Three Sisters Stuffed Zucchini

Traditional Native American agriculture grew over the centuries upon three staples:  maize, climbing beans and squash.  These "Three Sisters" were planted together in mounds, with the maize providing a support for the beans to climb and the squash creating a microclimate on the ground, which held moisture in and kept weeds out.  In this elegant system, the plants complement each other both botanically and nutritionally, and, not coincidentally, taste awfully good together.

Here in Florida, corn is in its prime, and I've been contemplating making a Three Sisters salad of corn, beans and squash.   Then I stopped by my favorite produce stand and saw these beauties.  I cannot resist a round zucchini or hold back the urge to hollow it out, stuff it with various savory goodies then slip it into the oven and wait for the magic to happen.

I'll make a salad some other time.

As I've assaulted, stuffed and baked various squashes over the years, I've learned that, although a tomato sauce is my topping of choice, baking them in a covered dish with water, not sauce, is the only way to achieve the tender courgette I crave.  To the Three Sisters filling, I added another New World delight, turkey sausage, and made the tomato sauce on the stove top while the zucchini baked.

Three Sisters Stuffed Zucchini
(Click here for printable recipe.)

2 Tbs olive oil
2 lbs zucchini
1 medium onion, finely chopped
1 tsp dried thyme
1/2 tsp crushed rosemary
1/2 tsp dried oregano
1/4 tsp ground sage
1/2 tsp salt
ground pepper to taste
1-2 cloves crushed garlic
1 lb ground turkey sausage
2 ears of corn (a minimum of 1 C kernels sliced off)
15 oz can black beans, rinsed
15 oz can diced tomatoes, liquid reserved
2 Tbs corn starch
29 oz can tomato sauce

To prepare round zucchinis for stuffing, either treat the same as standard long zucchini and cut off ends, then slice in half top to bottom and hollow out centers to create boats, or slice off only the top about half an inch down from the stem, then hollow out from the top.  (The boats, whether from long or round zucchinis, will hold almost the entire batch of filling, unlike the upright round zucchinis, but I am a sucker for those little hats!)  Use either a melon baller or spoon to remove the inside, leaving about a quarter inch thickness, then finely chop the zucchini's innards, reserving the shells for stuffing.

Preheat oven to 375°F.  Heat olive oil in a large skillet over medium heat.  Add onion, chopped zucchini and seasonings, including garlic.  Stirring occasionally, cook mixture until soft.  Add turkey sausage and continue to stir while browning.  Once all pink is gone, stir in corn, beans and diced tomatoes.  Whisk corn starch into the reserved juice from the tomatoes until completely dissolved, then stir mixture into skillet.  Continue to stir while cooking until juice begins to bubble, then turn burner down to low heat.

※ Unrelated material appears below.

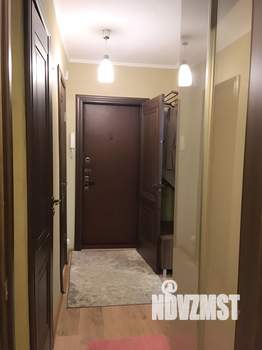 1-к квартира, на длительный срок, 40м2, 4/5 этаж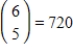 <strong>Evaluate using Pascal's triangle. </strong> A) B) C) D) E)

Gently fill hollowed zucchinis with mixture.  Filling may be mounded in flat boats, but only fill upright zucchinis to top, then cover with stem hats.  Arrange filled zucchini in a baking dish, then carefully fill bottom of dish with half an inch of water.  Cover dish with aluminum foil, then bake for 45 minutes.

While zucchinis are baking, mix the can of tomato sauce into the remainder of the stuffing.  Cover skillet with a lid and allow to simmer over low heat until the zucchinis are done.

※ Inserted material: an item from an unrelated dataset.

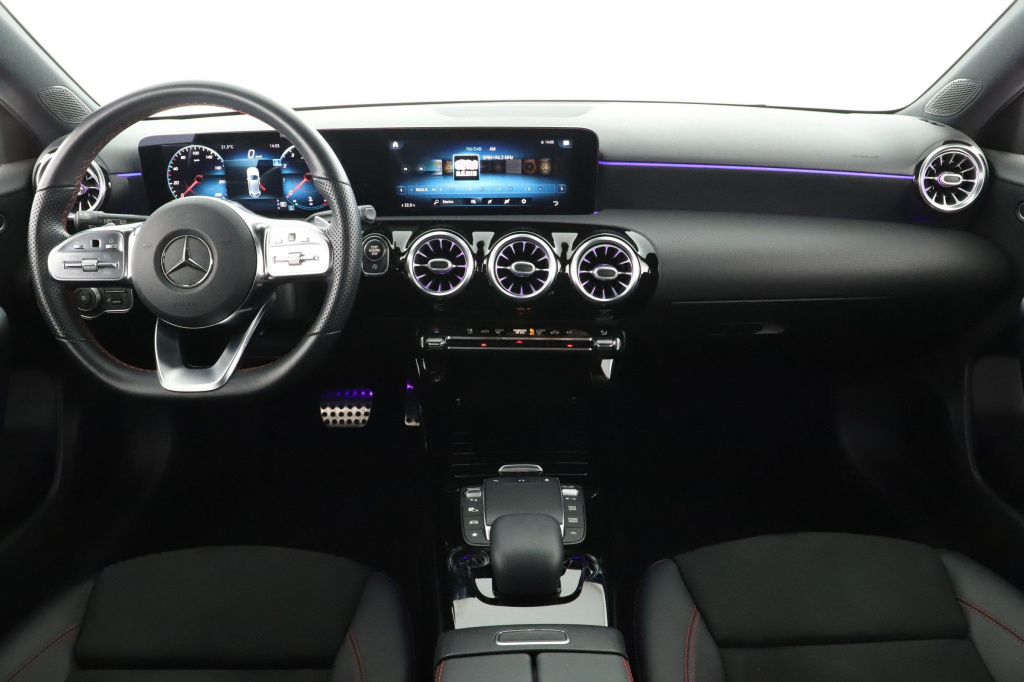 Mercedes-Benz A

Serve baked zucchini with grain of choice, topped with tomato sauce.  I used quinoa, since it was also a Mesoamerican staple.  The combination was delicious.

Stuffed zucchinis...with hats!


Paula said...

Call me ignorant but I've never seen nor heard of a round zucchini before this post! I learned something new today and found a great recipe so thank you!

Unknown said...

I too never have seen a round zucchini. Times are moving fast even in the food growing processes. This site has great recipes.

Aline Rowe
recipe club

Libby said...

I've only seen them on occasion at a single produce stand myself, and I get very excited when they show up! I believe they are an heirloom variety rather than a newer hybrid. From what I understand they are too delicate to ship well, but I did find some seeds online, and they look easy to grow if you have a garden.